Other Q&A failings may be addressed through future enhancements to Paola’s language processing logic. For example, she could be improved by understanding an increased variety of entities, such as the inclusion of more food types, and on more general health topics. Her ability to recognize intents, particularly around “I want”, “is this healthier”, or “I’d like to” should be improved. Participant experience could have been enhanced if she had more responses when she could not understand a question; asking the participant to rephrase the question or to ask it in a different way might have enabled participants to successfully elicit an answer. Improved programming around the intents relating to the check-in and widening the 7-day check-in window would have resolved many errors.

Despite a low spontaneous exchange-rate, by study completion, most participants agreed that a virtual health assistant could be useful in behavior-change programs, suggesting future research in virtual health assistants is warranted. In their mixed-methods evaluation, Nadarzynski et al. [26] interviewed and surveyed adults on their acceptability of chatbots in healthcare. Similarly to this study, the majority of participants were willing to use chatbots for generalized health advice. Further, particpants saw lack of human feeling as a limitation of chatbots, suggesting they were depersonalized and cold, which was reflected in our user feedback. Combined, this feedback implies virtual assistants would be utilized by the general population if they felt “human” enough. In this study we did not find a relationship between engagement and outcomes, which could be explained by the small sample size. Twenty-eight participants completed the study, which may not have provided enough power to detect any difference in diet score or MVPA.

Participants achieved high overall adherence to the program, achieving recommended dietary intakes 67% of the time and meeting their daily step goal nearly 60% of the time. Participants achieved excellent compliance to key Mediterranean diet food groups, such as olive oil, fruit, legumes, fish/seafood, and nuts. These foods contain key nutrients and bioactives, such as flavonoids, fibers, healthy fats like monounsaturated- and long-chain polyunsaturated fatty acids, thought to contribute to the health improvements observed in Mediterranean diet intervention trials [27,28,29,30]. Participants struggled to meet the quantity of bread/cereals recommended, and to limit their discretionary and red meat intakes. These findings highlight areas of focus, such as more support and suggestions to help increase grain intake while decreasing discretionary food intake, which could be programmed into future iterations of Paola.

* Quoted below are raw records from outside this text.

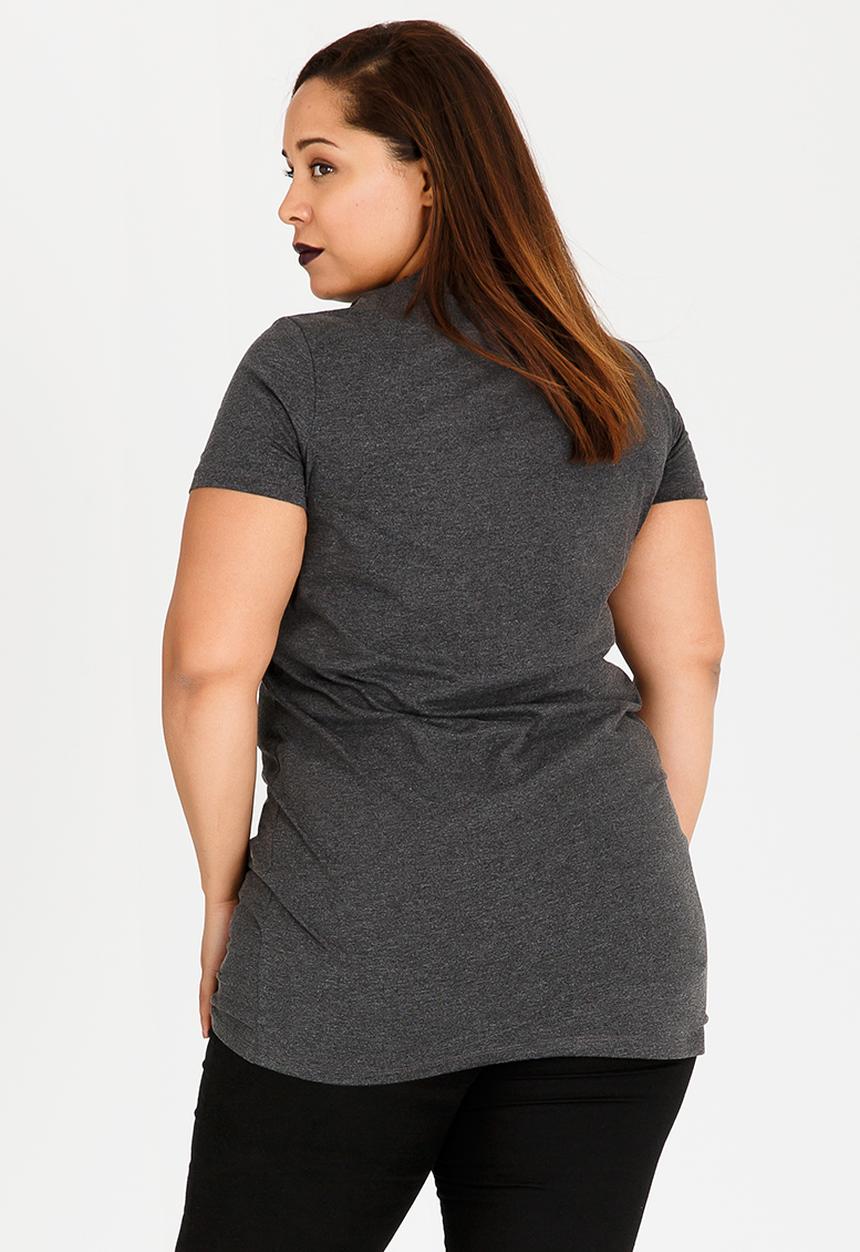 Brave Soul - Moto Band Longer Length T-shirt Dark Grey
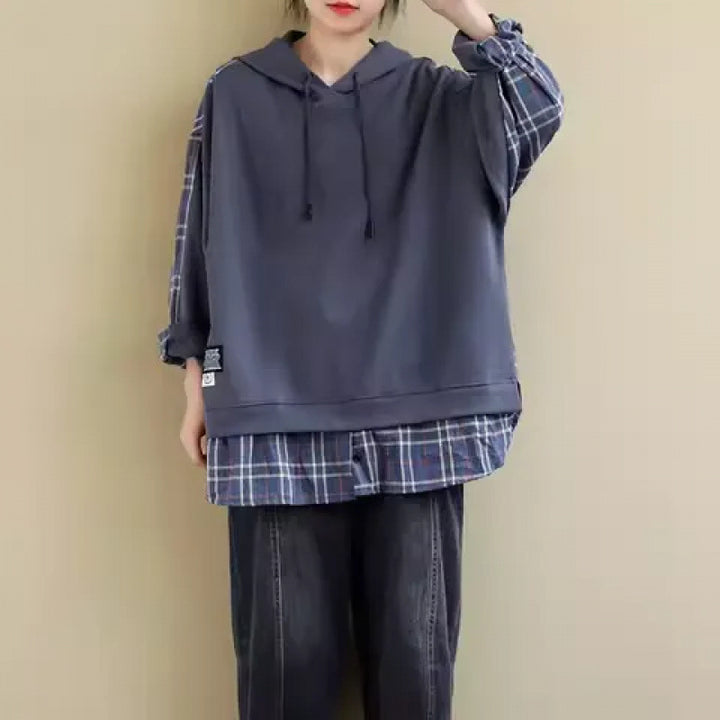 Women's hoodie with casual checkered appliqué and soft inner lining Lisslune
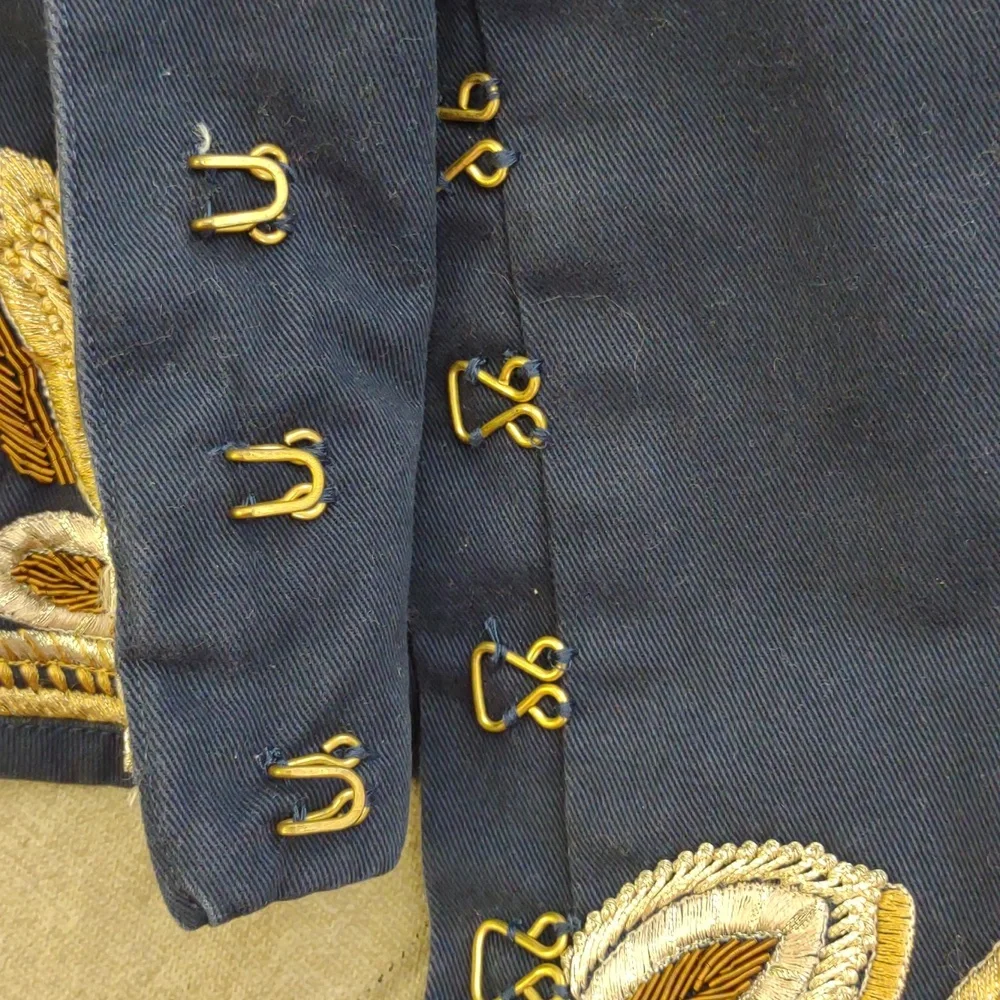 90s Cropped Hussar Jacket – Navy & Gold Statement Military Blazer - Picture 13 of 13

Overall mean step daily step count was above the mean daily goal; however, this may have been inflated by some participants who exceeded their step goal by a large margin. A more modest 60% of participants met their goal on average. Increased support and instruction for realistic goal setting could improve the program’s effectiveness, as well as improving the number of participants meeting their goal, which could be important for motivation. Although some participants’ goals were too low, mean average steps per day (9600) was well above than the national average for all age groups present in the study (45–54 years, 8093, 55–64 years, 7503, and 65–74 years, 6359 steps per day) [31]. The improvement in step count suggests the program was successful for achieving behavior change and could have long term physical and mental health benefits.

The key strengths of the current study were its novelty. To our knowledge this is the first in-depth process analysis of a natural language processing virtual health coach. We used a mixed-method approach, basing the evaluation on both quantitative server data and qualitative user feedback. Detailed server logs were available, allowing us to scrutinize Paola’s performance in granular detail. This study also had limitations which should be considered. Firstly, the sample size was small, and the exploratory subgroup analyses which we undertook exploring engagement and study outcomes were likely to have been insufficiently powered. If the sample size were larger, analyses could have been split by demographic characteristics, such as sex, age, and socioeconomic status, which may have revealed additional insights into engagement or adherence. Due to a technical error leading to data loss, we were not able to obtain full conversation transcripts for some of the spontaneous exchanges between participants and Paola. This meant we were unable to accurately quantify engagement with this feature of Paola. Furthermore, our analysis on the accuracy of Paola’s responses to spontaneous exchanges is only based on the subset of data we could access. However, it is unlikely that this error would have changed the results substantially. Based on user experience reports, most participants did not interact with Paola outside the weekly check-in for most of the study. There were more females than males in the study, and it appeared that females may have been more willing to engage with the technology as the majority of spontaneous exchanges were from females. Indeed, in a systematic review of 13 studies, 70% of the participants were female, suggesting men are underrepresented in this field of research [17]. Thus, our results cannot be generalized to males. Future research may be needed to address possible gender differences in engagement, which could impact on the design and effectiveness of the virtual health coach.

Future research is needed to address the limitations of Paola, such as knowledge beyond the study scope and inability to respond to requests. Furthermore, this field of research is in its infancy, and learnings from the current study may inform others’ future attempts to design virtual assistants for health behavior change.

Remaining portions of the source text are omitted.